(DATA EXTRACTS):
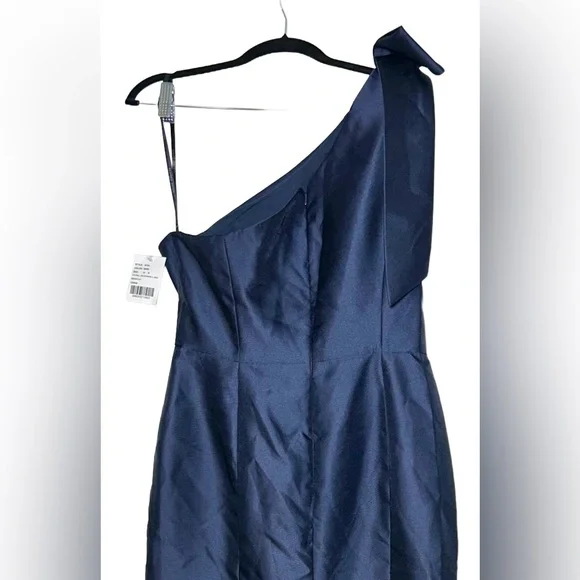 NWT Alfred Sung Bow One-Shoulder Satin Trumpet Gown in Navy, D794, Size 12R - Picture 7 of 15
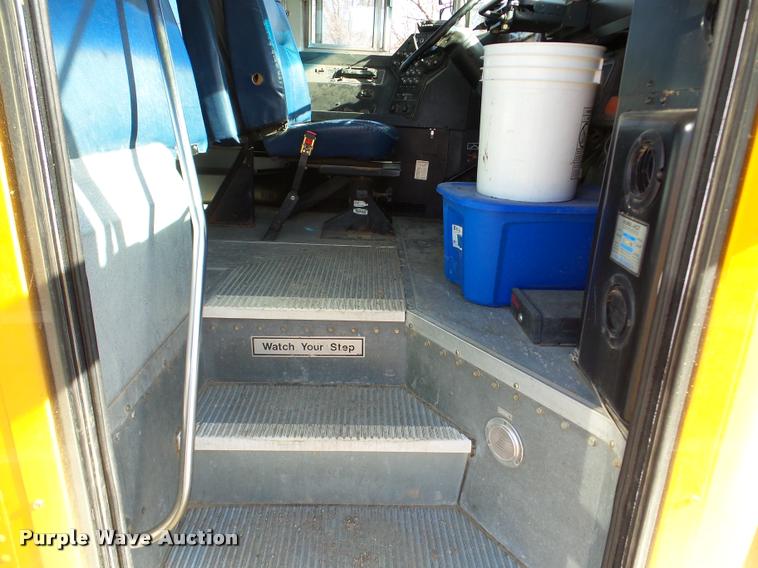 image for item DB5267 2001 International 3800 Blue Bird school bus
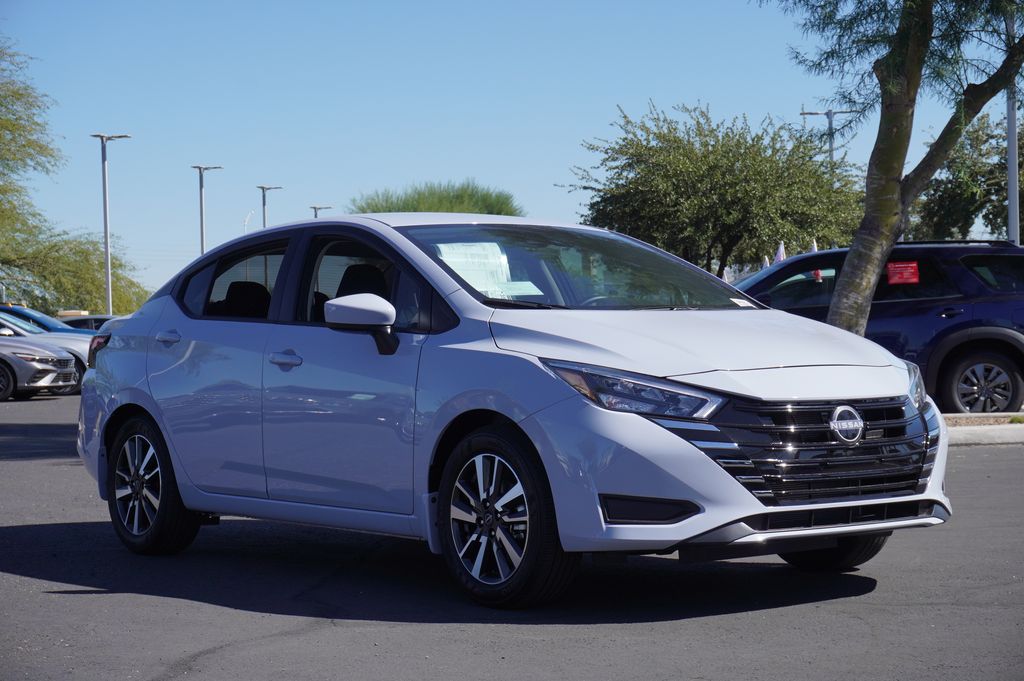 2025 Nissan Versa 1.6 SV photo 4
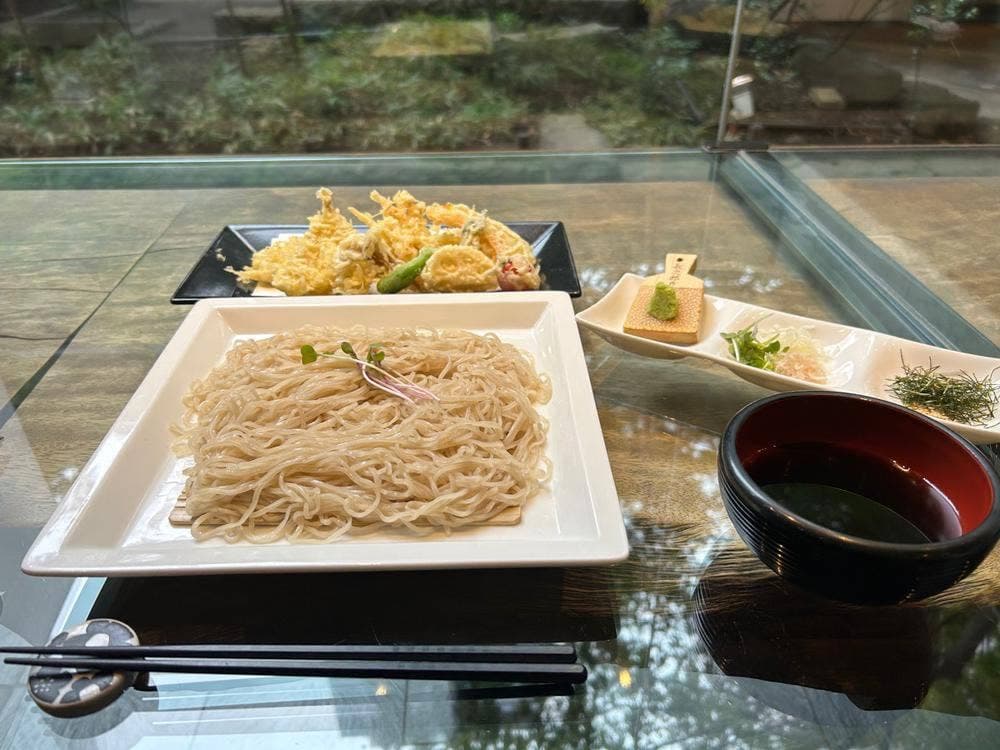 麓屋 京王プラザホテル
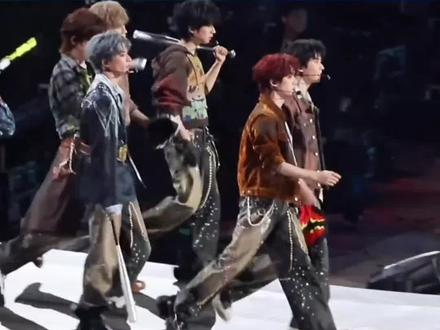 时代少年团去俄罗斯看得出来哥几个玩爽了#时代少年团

==

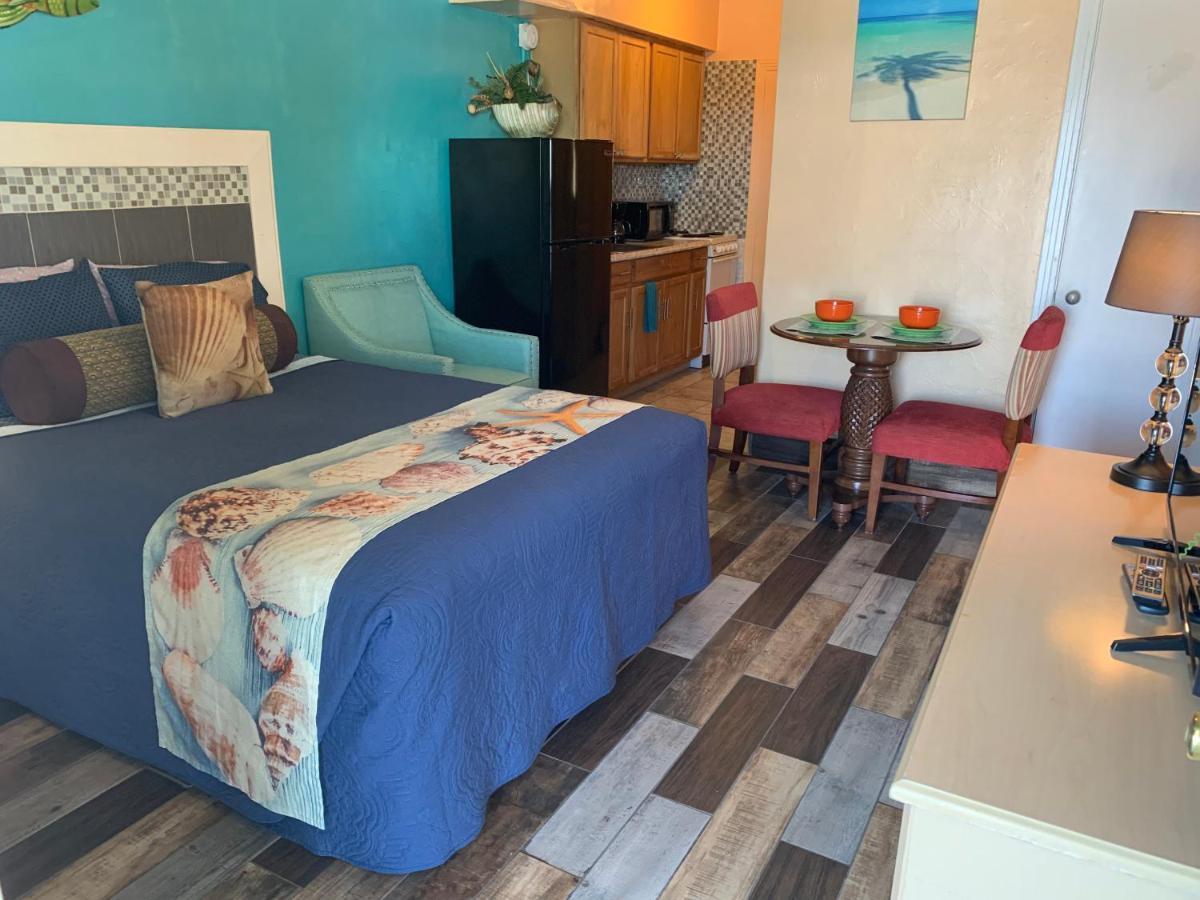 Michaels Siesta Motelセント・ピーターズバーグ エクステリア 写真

==

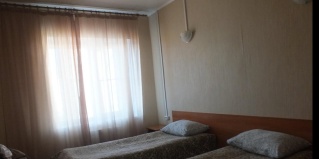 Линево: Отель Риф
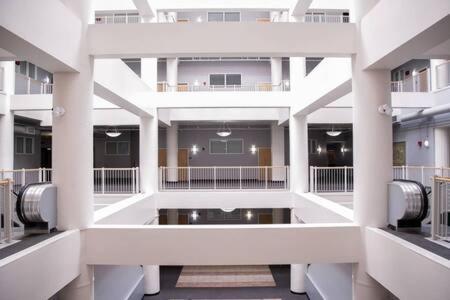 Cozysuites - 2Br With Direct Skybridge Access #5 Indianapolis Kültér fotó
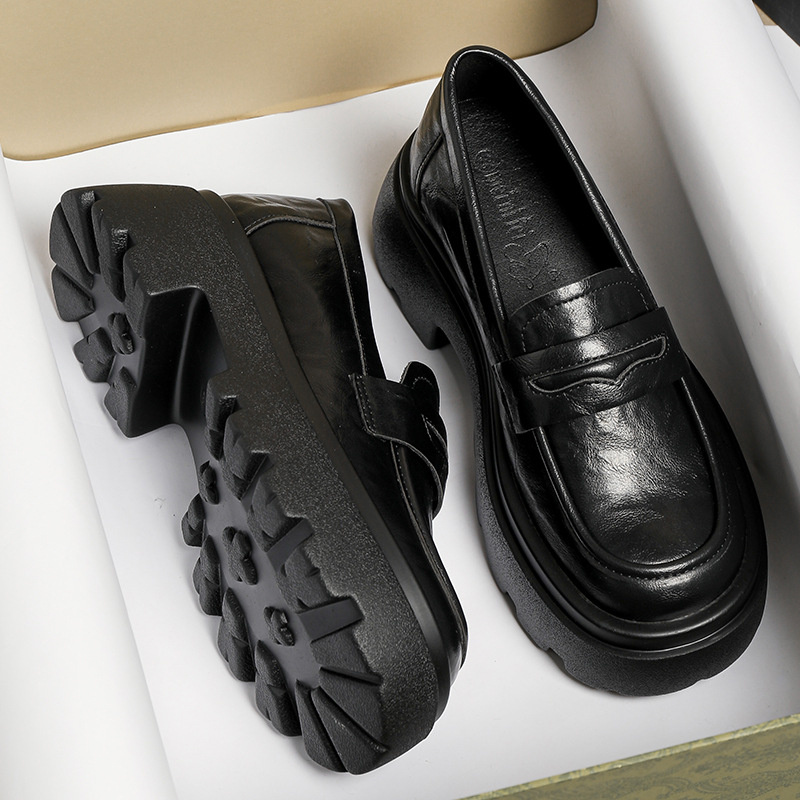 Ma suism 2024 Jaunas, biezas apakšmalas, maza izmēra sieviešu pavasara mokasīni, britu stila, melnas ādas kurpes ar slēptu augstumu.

(ABOUT THIS TASK): In the listing above, find the line containing "NWT Alfred Sung" and the line containing "时代少年团去俄罗斯看得出来哥几个玩爽了#时代少年团", then return both of them and every line between, exactly, without pictures.

(YOUR RESPONSE):
 NWT Alfred Sung Bow One-Shoulder Satin Trumpet Gown in Navy, D794, Size 12R - Picture 7 of 15
 image for item DB5267 2001 International 3800 Blue Bird school bus
 2025 Nissan Versa 1.6 SV photo 4
 麓屋 京王プラザホテル
 时代少年团去俄罗斯看得出来哥几个玩爽了#时代少年团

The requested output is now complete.